== Required work ==
Taking the line that contains "Building Photo - 3-Bedroom" as the first, copy each line exactly up to and including the last line below.

== Given records ==
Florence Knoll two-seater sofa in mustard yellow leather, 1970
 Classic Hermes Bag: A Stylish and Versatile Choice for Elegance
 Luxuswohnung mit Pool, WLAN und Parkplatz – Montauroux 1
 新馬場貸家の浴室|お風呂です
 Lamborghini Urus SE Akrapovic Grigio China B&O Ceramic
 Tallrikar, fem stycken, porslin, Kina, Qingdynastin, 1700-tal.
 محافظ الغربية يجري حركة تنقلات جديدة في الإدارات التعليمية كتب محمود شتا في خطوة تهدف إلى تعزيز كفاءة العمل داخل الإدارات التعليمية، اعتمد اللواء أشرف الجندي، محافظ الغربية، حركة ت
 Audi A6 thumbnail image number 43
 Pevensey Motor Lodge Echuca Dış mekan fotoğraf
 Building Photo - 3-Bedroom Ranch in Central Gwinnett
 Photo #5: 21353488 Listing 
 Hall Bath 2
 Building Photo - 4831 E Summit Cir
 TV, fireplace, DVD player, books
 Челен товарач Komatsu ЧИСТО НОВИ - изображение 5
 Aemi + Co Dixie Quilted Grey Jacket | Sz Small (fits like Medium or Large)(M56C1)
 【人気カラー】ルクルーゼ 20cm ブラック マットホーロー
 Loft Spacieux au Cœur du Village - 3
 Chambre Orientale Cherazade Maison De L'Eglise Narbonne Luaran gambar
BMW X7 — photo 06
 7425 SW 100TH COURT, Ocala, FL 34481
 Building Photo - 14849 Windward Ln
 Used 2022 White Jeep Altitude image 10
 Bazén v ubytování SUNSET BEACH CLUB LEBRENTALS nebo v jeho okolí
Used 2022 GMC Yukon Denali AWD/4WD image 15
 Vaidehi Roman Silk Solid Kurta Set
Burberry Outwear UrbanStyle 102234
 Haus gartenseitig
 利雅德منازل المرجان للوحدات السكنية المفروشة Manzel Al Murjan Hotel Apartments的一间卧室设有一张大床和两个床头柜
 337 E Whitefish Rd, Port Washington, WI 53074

== Your solution ==
 Building Photo - 3-Bedroom Ranch in Central Gwinnett
 Photo #5: 21353488 Listing 
 Hall Bath 2
 Building Photo - 4831 E Summit Cir
 TV, fireplace, DVD player, books
 Челен товарач Komatsu ЧИСТО НОВИ - изображение 5
 Aemi + Co Dixie Quilted Grey Jacket | Sz Small (fits like Medium or Large)(M56C1)
 【人気カラー】ルクルーゼ 20cm ブラック マットホーロー
 Loft Spacieux au Cœur du Village - 3
 Chambre Orientale Cherazade Maison De L'Eglise Narbonne Luaran gambar
BMW X7 — photo 06
 7425 SW 100TH COURT, Ocala, FL 34481
 Building Photo - 14849 Windward Ln
 Used 2022 White Jeep Altitude image 10
 Bazén v ubytování SUNSET BEACH CLUB LEBRENTALS nebo v jeho okolí
Used 2022 GMC Yukon Denali AWD/4WD image 15
 Vaidehi Roman Silk Solid Kurta Set
Burberry Outwear UrbanStyle 102234
 Haus gartenseitig
 利雅德منازل المرجان للوحدات السكنية المفروشة Manzel Al Murjan Hotel Apartments的一间卧室设有一张大床和两个床头柜
 337 E Whitefish Rd, Port Washington, WI 53074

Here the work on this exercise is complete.